::: Dataset extract :::

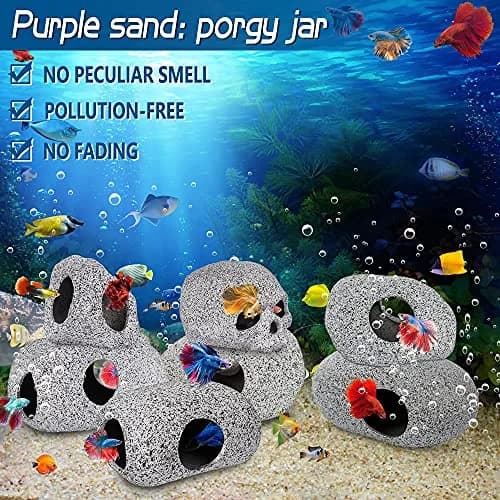 Ameliade Betta Fish Tank Rock Cave Decor Medium | Natural Ceramic Hideaway for Betta, Shrimp, Small Fish thumbnail 7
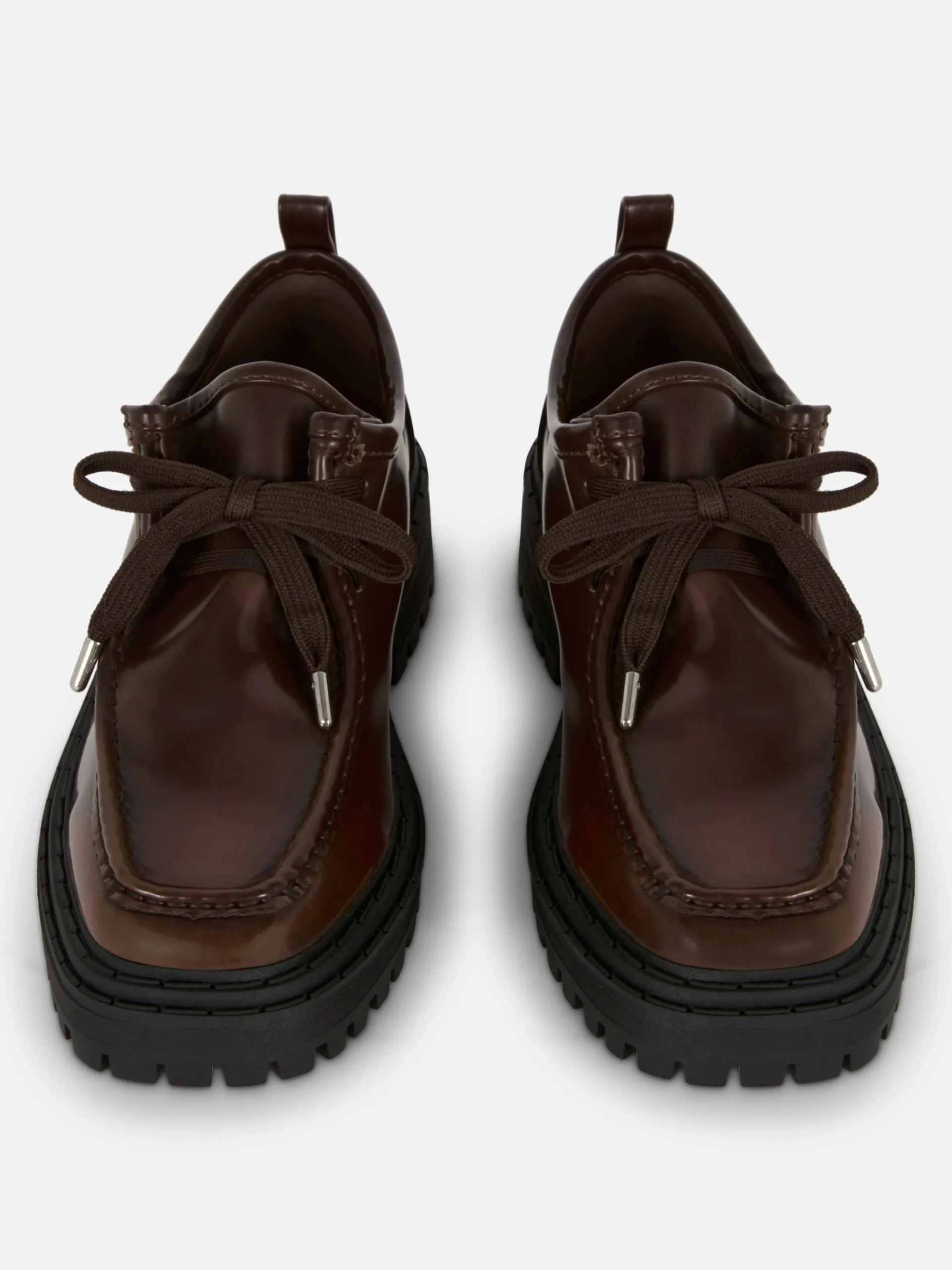 Flache Schuhe|Primark „Rita Ora“ Schnürloafer Mit Dicker Sohle Braun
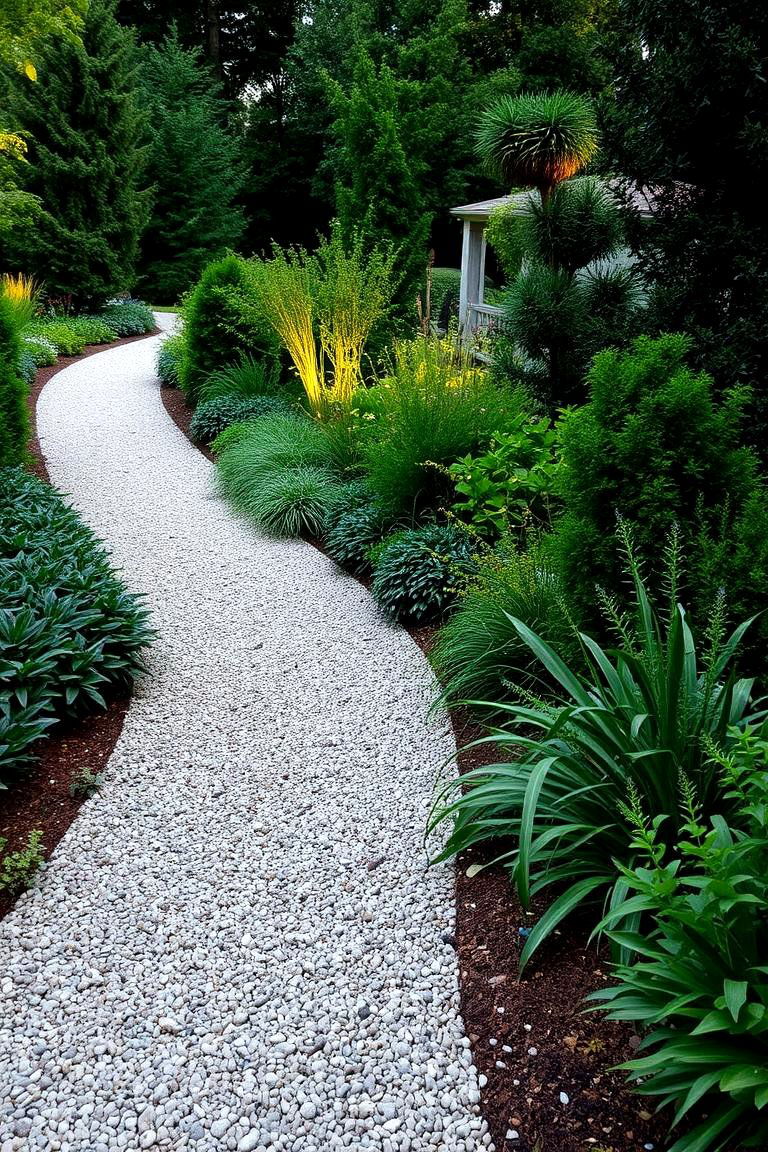Curved Garden Escape - 24 Pea Gravel Walkway Ideas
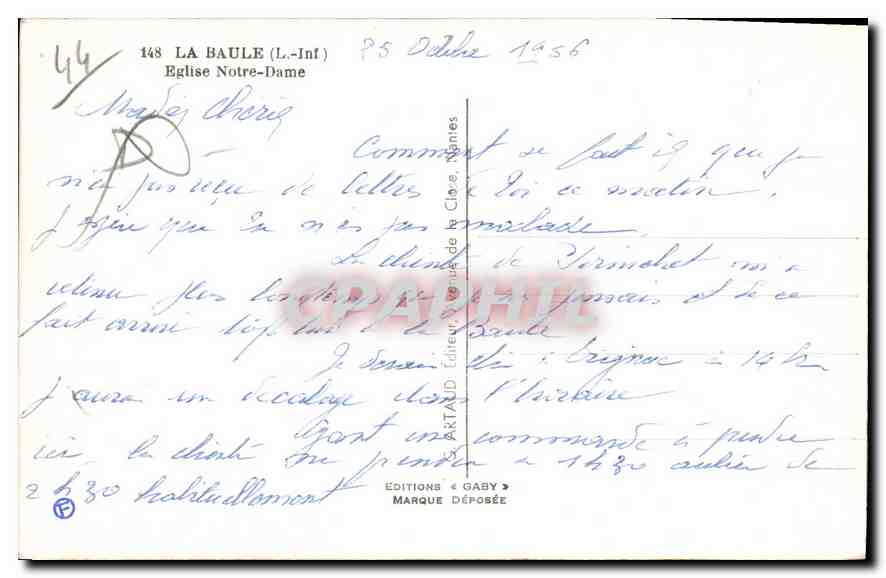 CPM La Baule L Inf Eglise Notre Dame  — Back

:::

To do:
Transcribe all of the material exactly and leave out its pictures.

Response area:
 Ameliade Betta Fish Tank Rock Cave Decor Medium | Natural Ceramic Hideaway for Betta, Shrimp, Small Fish thumbnail 7
 Flache Schuhe|Primark „Rita Ora“ Schnürloafer Mit Dicker Sohle Braun
Curved Garden Escape - 24 Pea Gravel Walkway Ideas
 CPM La Baule L Inf Eglise Notre Dame  — Back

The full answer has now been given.